Нет, все-таки природа не меняет свои правила, и приметы остаются всё те же. Одни и те же слова говорят, одни и те же песни поют, одни и те же узоры плетут… Но сколько для этого надо глины перемять?
6
В начале зимы, когда лед на Чети начинал держать лошадь, жители правого, лесного берега ехали в далекое село Лукояново чесать шерсть. Дело в том, что чесалок нигде в округе не было, а овец держали многие, и многие же из старожилов сами пимокатничали, вязали на заказ носки, варежки, татары валяли кошмы, торбинские листовцы наловчились даже набивать ковры. Дорога в Лукояново была через Алейку, и к нам частенько заворачивали погреться. Возиться с шерстью дело было женским, однако на чесалку почему-то ездили мужики. Моего отца это всегда веселило, и он начинал подшучивать над знакомыми мужиками, едва те перешагивали порог и снимали дышащий холодом тулуп.
— Никак на чесалку собрался? — смеясь спрашивал он.
— Да вот… — отчего-то мялись и как-то неестественно морщились заезжие. — Баба запилила, шерсть лежит нечесана, моль жрет… Сам бы я ни в жисть…
— Ну-ну, — многозначительно тянул отец и лукаво поблескивал глазами. — Ишь, разлохматился-то как… Надо, надо почесать…

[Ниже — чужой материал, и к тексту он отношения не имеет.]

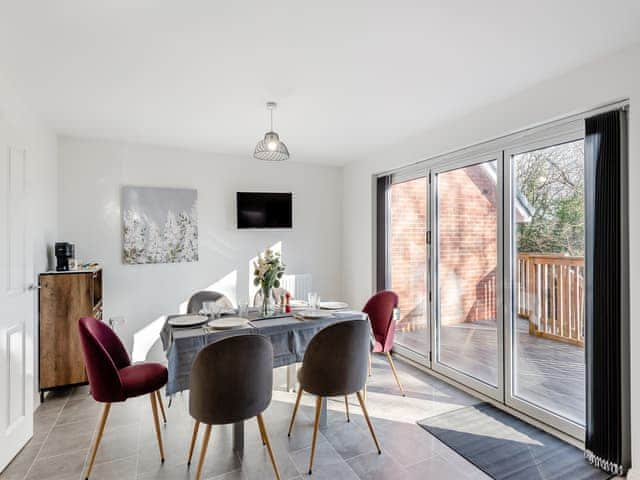 Dining Area | Peninsula SuitesThe Tors, Tavistock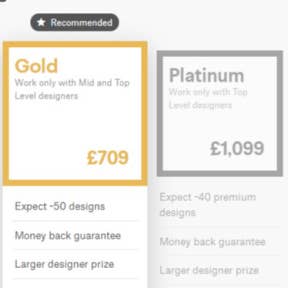 Select a design package.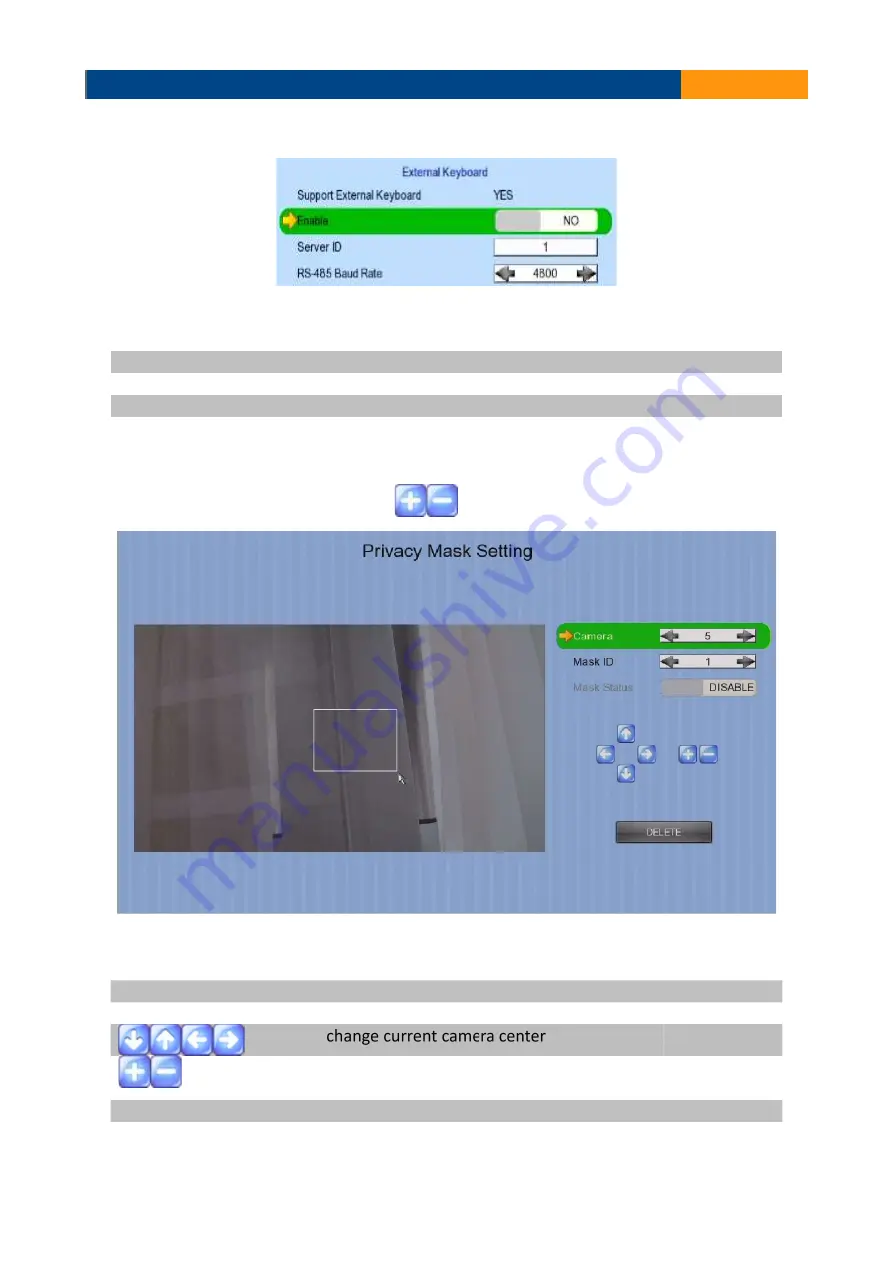 TeleEye GN8 Series User Manual Download Page 43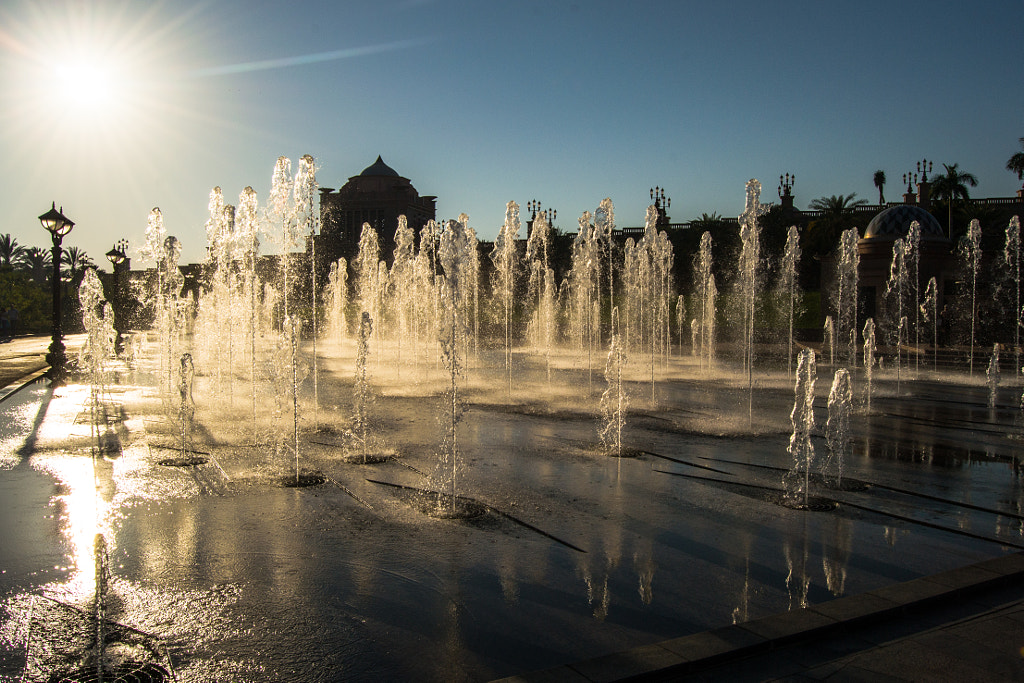 The fountain at Palace by Ashwin D'sa on 500px.com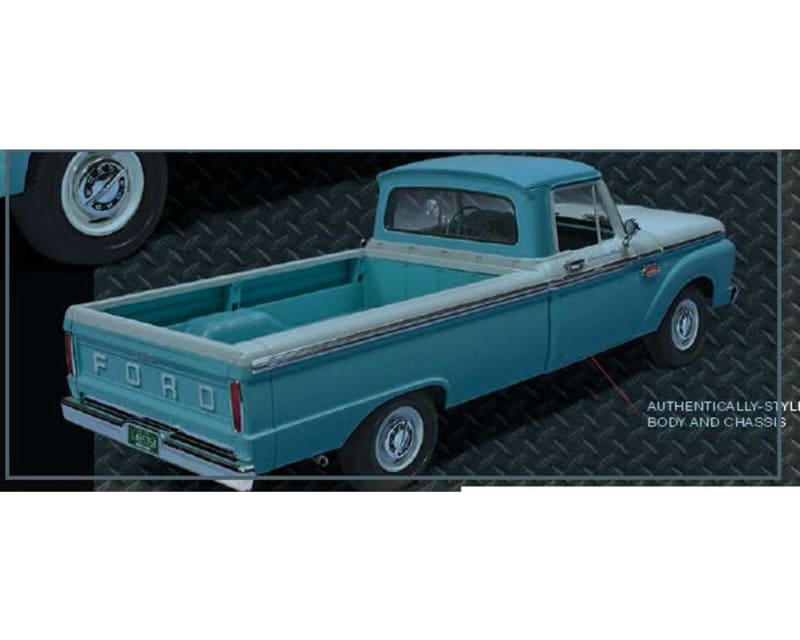 1/25 1965 F0RD Custom Cab Styleside Pickup Model Kit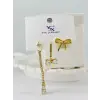 IEG - Zirkon Taşlı Üçlü Kombin Küpe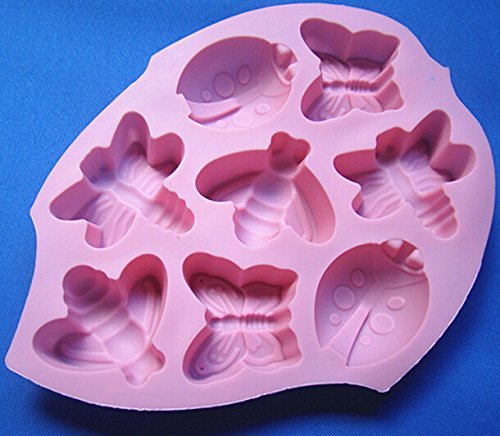 Non-stick Silicone Cake Candy Animal Chocolate Mold Tray N2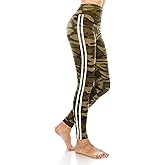 ALWAYS Women's High Waist Yoga Leggings - Premium Soft Workout Stretch Yoga Pants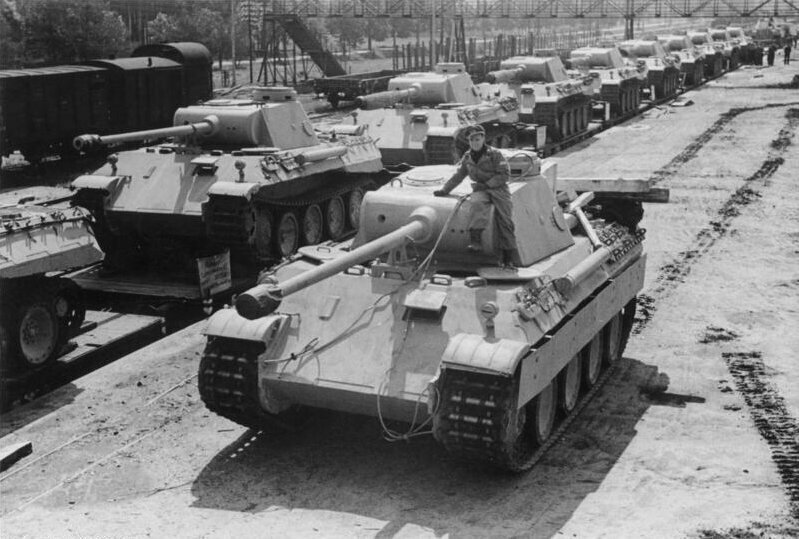 Джунгли для «Тигров» и «Пантер».Почему немецкая техника оказалась не готова сражаться с СССР
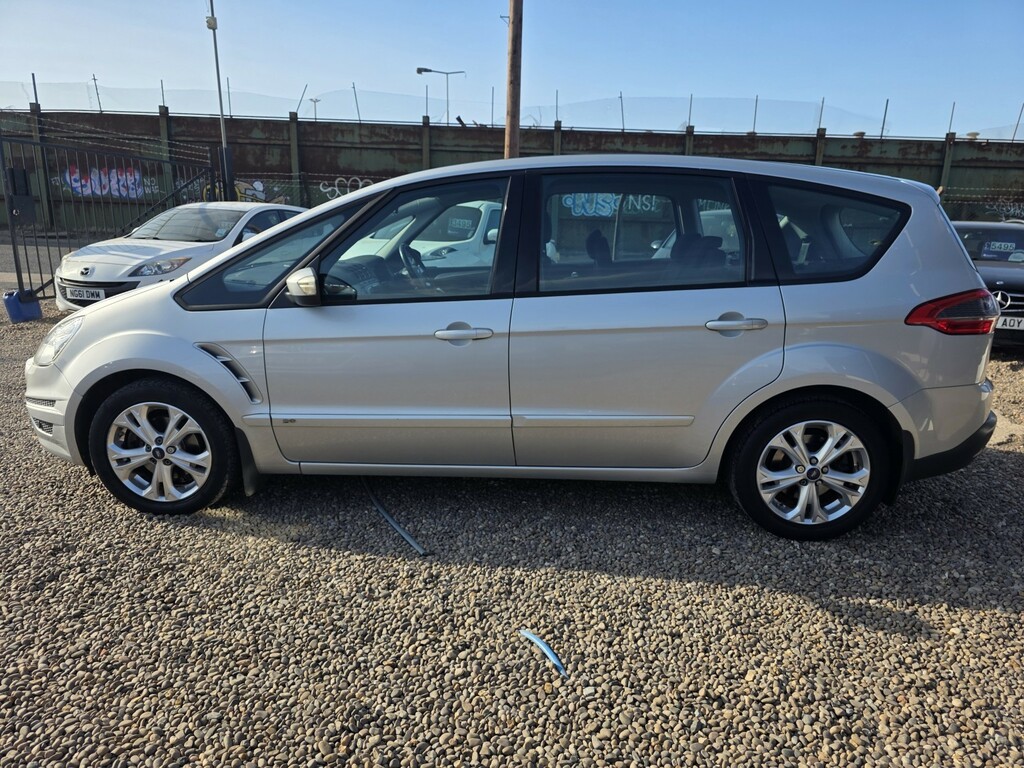 Ford S-Max 2.0 Tdci Zetec Silver #2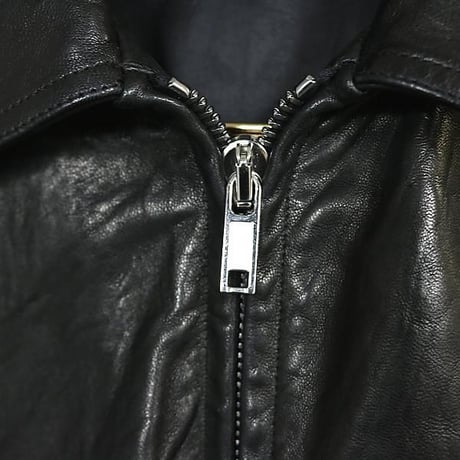Rick Owens Brad Leather Jacket Black #103771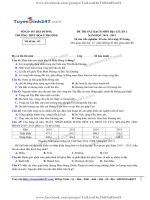 TS247 DT de thi thu thpt qg mon dia li truong thpt doan thuong hai duong lan 2 nam 2019 co loi giai chi tiet 27279 1546068207 
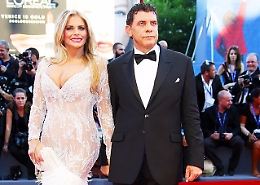 Cottone-Cipriani coppia da red carpet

Все заезжие по пути в Лукояново были веселы, частенько толкали нам в руки гостинец — конфеты, пряник, баранки, — от них попахивало водочкой, снегом и морозом. Но обратно эти же мужики ехали какие-то печальные, сидели тулупными истуканами на мешках с шерстью и, бывало, даже в лютый мороз не заезжали погреться и нахлестывали лошадей, чтобы скорее проскочить Алейку. А если кто и заворачивал и в это время отец был дома, то долго не засиживался. Наскоро, иногда не снимая тулупа, проезжий выпивал кружку чая, жаловался, что торопится, тоскливо вздыхал и уходил. Когда же отца не было, мужики сидели чуть дольше, но тоже скучные, словно уставшие или больные.
— Почесал? — хитровато спрашивал и смеялся отец.
— Да иди ты, Трошка… — отмахивались мужики. — Тебе только зубы поскалить…
— Что-то долго чесался! — не отставал отец. — Неделя, как проехал. Чесалка сломалась или очередь большая?
Мужики криво улыбались, некоторые сердились.
— Вот погоди! — хохотал родитель. — Домой приедешь, баба тебя еще почешет! От уж почешет!
В моем отце стойко до сих пор живет эта деревенская привычка-обычай, когда, прежде чем поздороваться со встречным и поговорить о деле, подтрунит, сгородит какую-нибудь небылицу, пошутит и насмеется. Поглядишь на него — и стоит перед глазами этакий мужичок в лаптишках, этакий говорун у придорожного кабака — развеселый, пьяненький, полублаженный… Перебравшись в Зырянку и поселившись возле ветеринарного участка, он специально выходил на улицу и с серьезным видом заговаривал с женщинами, которые водили коров на пункт искусственного осеменения.